First bigger storm for season is starting now with heavier accumulations starting at midnight 1 1/2hrs from now.

A few from the record breaking season last year with 81+ " in December alone.


































The Bottom picture is one I plow this year. Very long drive in major snow-belt area just north of me.


----------



## Case580M (Jan 31, 2008)




----------



## grandview (Oct 9, 2005)

Looks like the wet heavy stuff too. I think you better get out a little earlier to plow.


----------



## Case580M (Jan 31, 2008)

ended up with 4" of powder but the fine misty rain started about 6am even tho it was only 24deg F. Go Figure! So much for the BIG storm...

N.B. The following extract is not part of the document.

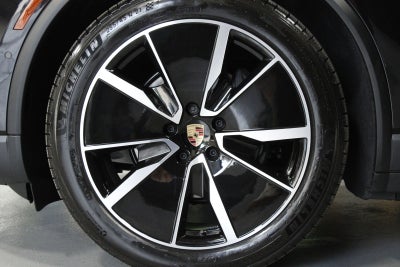 2026 Porsche Macan 4 Electric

...WINTER STORM WARNING REMAINS IN EFFECT UNTIL 4 PM PST THIS
AFTERNOON...

A WINTER STORM WARNING REMAINS IN EFFECT UNTIL 4 PM PST THIS
AFTERNOON.

* SNOW ACCUMULATIONS: AN ADDITIONAL 1 TO 3 INCHES OF SNOW IS
LIKELY TODAY...WITH THE MOST SIGNIFICANT ACCUMULATIONS OCCURRING
IN THE COEUR D'ALENE...POST FALLS...AND RATHDRUM AREAS. TOTAL
SNOW ACCUMULATIONS OF 4 TO 6 INCHES WILL BE COMMON WITH THE
HIGHEST AMOUNTS ON THE IDAHO SIDE OF THE STATE LINE.

* TIMING: A BREAK IN ACCUMULATING SNOW IS EXPECTED THIS
MORNING...WITH REDEVELOPMENT OF SNOW IN THE AFTERNOON. SNOW
LEVELS WILL LIKELY RISE ABOVE 2000 FEET BY LATE IN THE AFTERNOON
LIMITING ADDITIONAL ACCUMULATIONS FOR THE LOWER ELEVATIONS IN
SPOKANE.

Radar does not show the above forcast, will see if more comes this afternoon.


----------



## Case580M (Jan 31, 2008)

Ended up with 6" of snow followed by heavy rains.

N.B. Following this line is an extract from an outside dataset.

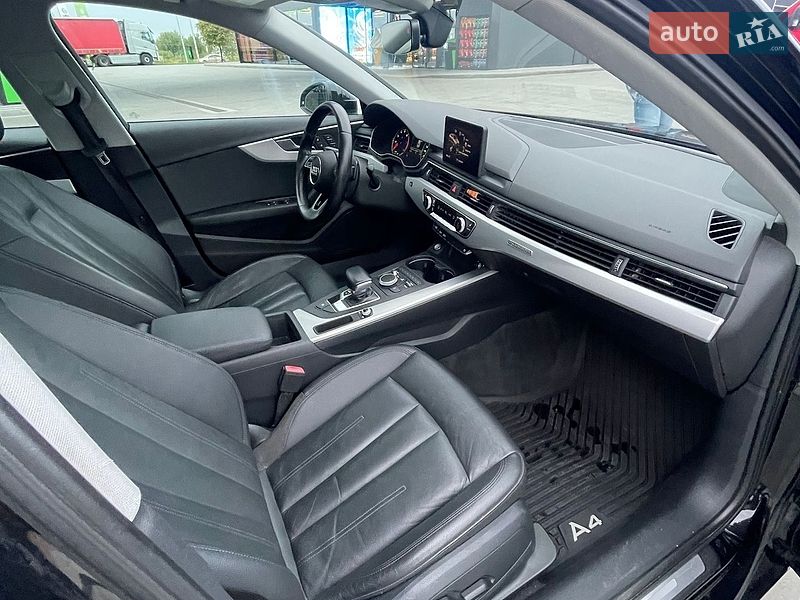 Седан Audi A4 2016 в Львові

Statement as of 12:26 am PST on December 16, 2009


The precipitation at Spokane Airport in the past 24 hours
was 0.61 inches. This sets the record for the most precipitation
for this date. The previous record of 0.55 inches was set in 1906.
Records have been kept at this site since 1881.

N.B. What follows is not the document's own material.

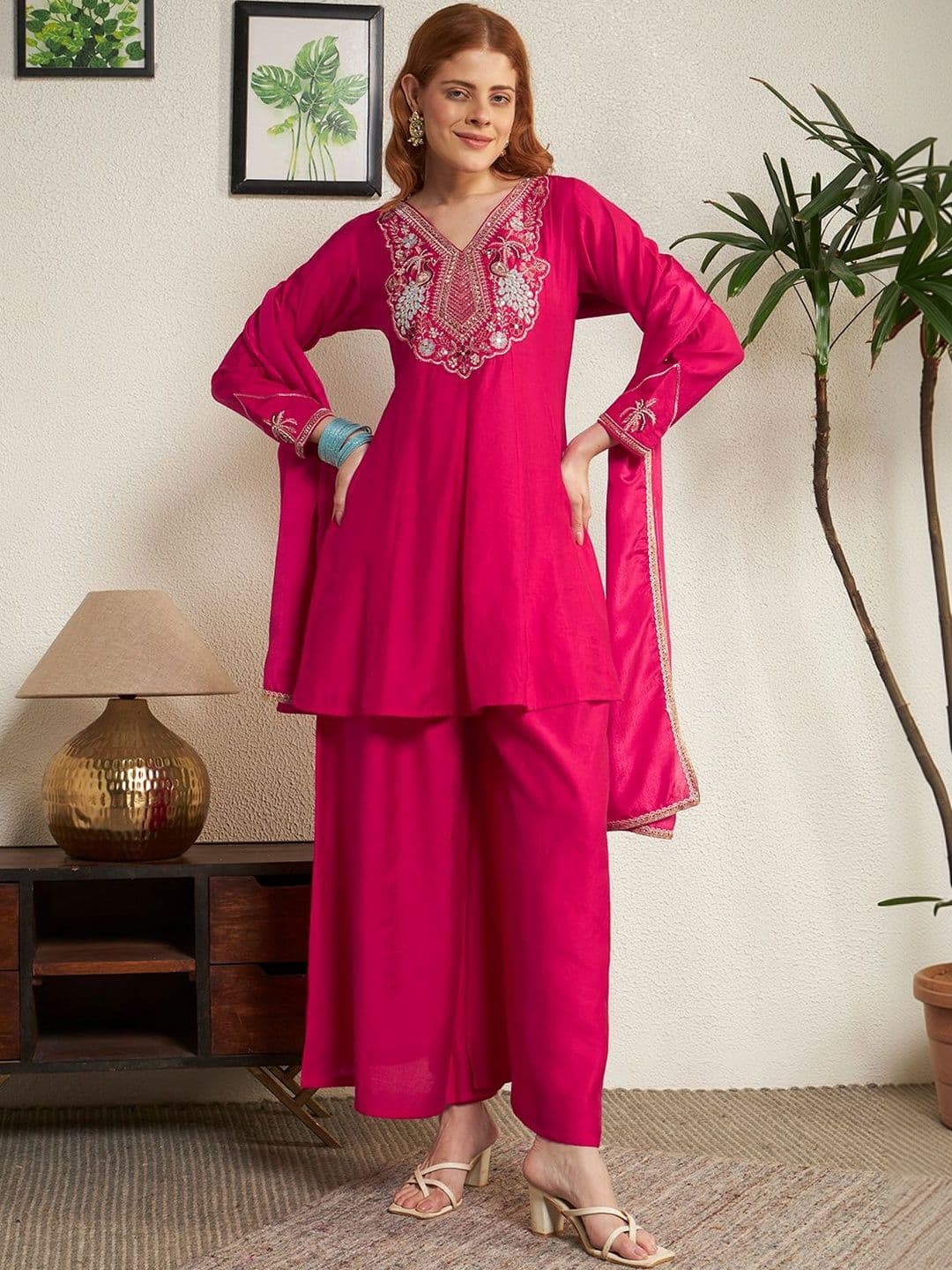 Honky Tonky Women Ethnic Motifs Embroidered Regular Thread Work Kurta with Palazzos & With Dupatta thumbnail 6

Record precipitation. 11.5" total for year now. Earlier snows had already melted now only 
2.5" left of the 6. Temp now over 40deg. Looks like a green Christmas! Last year by Christmas we had close to 5 FEET of snow fallen.

Prior to this snowfall we had temps that did not go over 32deg for high in over 2wks. More plowing dirt than snow...


----------